In a discussion that followed the two presentations, Sanjeeve Bala, MD, of the FDA, suggested that patients who were suboptimally debulked in the U.S. study might have biologically different disease as compared with the subgroup that achieved pCR. Although the results suggested a correlation of pCR with PFS and overall survival, the analysis raised questions that need to be addressed in future trials, including questions that have implications for regulatory decisions: the precise nature of the association between pCR and long-term outcome, the optimal definition of pCR, and the magnitude of pCR improvement to predict benefit.

As for the British study, Bala said the randomized trial offered the “ideal platform for establish pCR as a valid surrogate endpoint,” but he questioned whether three cycles of neoadjuvant chemotherapy are adequate.

“Neoadjuvant chemotherapy trials should incorporate pCR evaluation in all enrolled women,” said Bala. “Establishing pCR as a surrogate endpoint correlated with overall survival would be a powerful step in accelerating clinical trials and potentially drug approval.”

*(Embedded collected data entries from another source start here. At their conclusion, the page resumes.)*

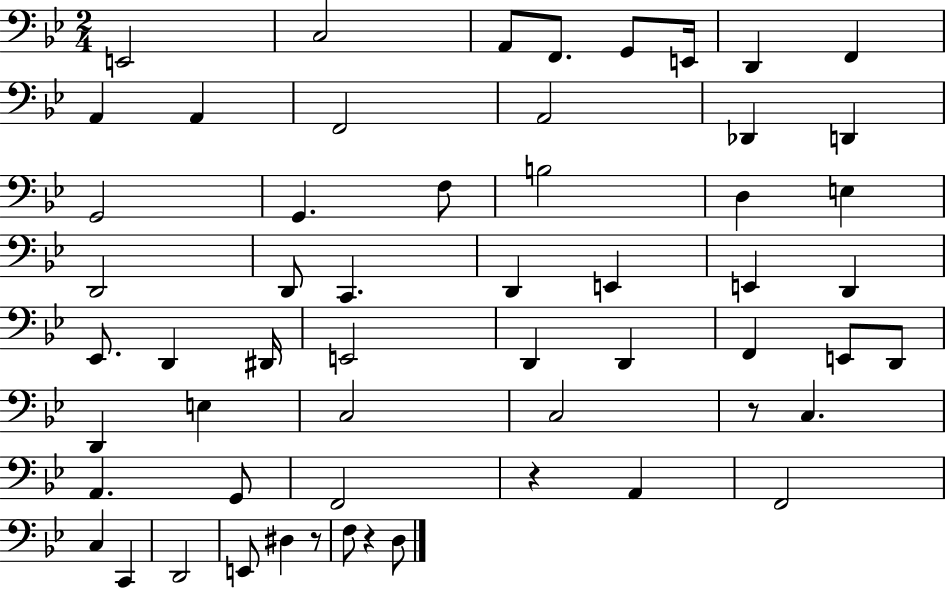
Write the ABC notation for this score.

X:1
T:Untitled
M:2/4
L:1/4
K:Bb
E,,2 C,2 A,,/2 F,,/2 G,,/2 E,,/4 D,, F,, A,, A,, F,,2 A,,2 _D,, D,, G,,2 G,, F,/2 B,2 D, E, D,,2 D,,/2 C,, D,, E,, E,, D,, _E,,/2 D,, ^D,,/4 E,,2 D,, D,, F,, E,,/2 D,,/2 D,, E, C,2 C,2 z/2 C, A,, G,,/2 F,,2 z A,, F,,2 C, C,, D,,2 E,,/2 ^D, z/2 F,/2 z D,/2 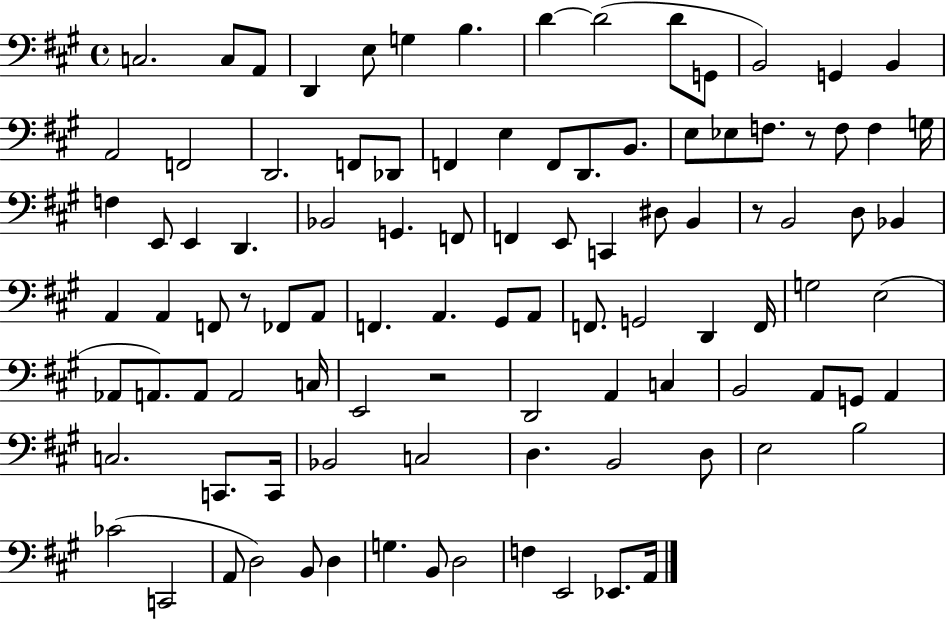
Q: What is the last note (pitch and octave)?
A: A2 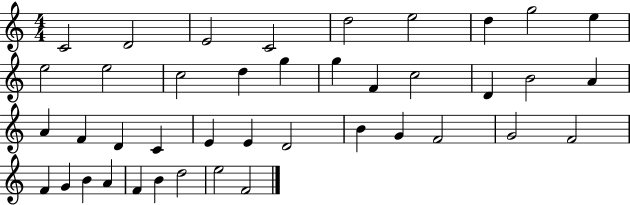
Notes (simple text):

C4/h D4/h E4/h C4/h D5/h E5/h D5/q G5/h E5/q E5/h E5/h C5/h D5/q G5/q G5/q F4/q C5/h D4/q B4/h A4/q A4/q F4/q D4/q C4/q E4/q E4/q D4/h B4/q G4/q F4/h G4/h F4/h F4/q G4/q B4/q A4/q F4/q B4/q D5/h E5/h F4/h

Rose’s presentation had its genesis in an ovarian cancer endpoints workshop held last fall, cosponsored by the FDA, American Association for Cancer Research, American Society of Clinical Oncology, and SGO. One workshop objective was to explore novel treatment designs that might facilitate discovery and regulatory approval. In particular, investigators were encouraged to examine the Gynecologic Oncology Group 152 trial with respect to surgical findings at second cytoreductive surgery.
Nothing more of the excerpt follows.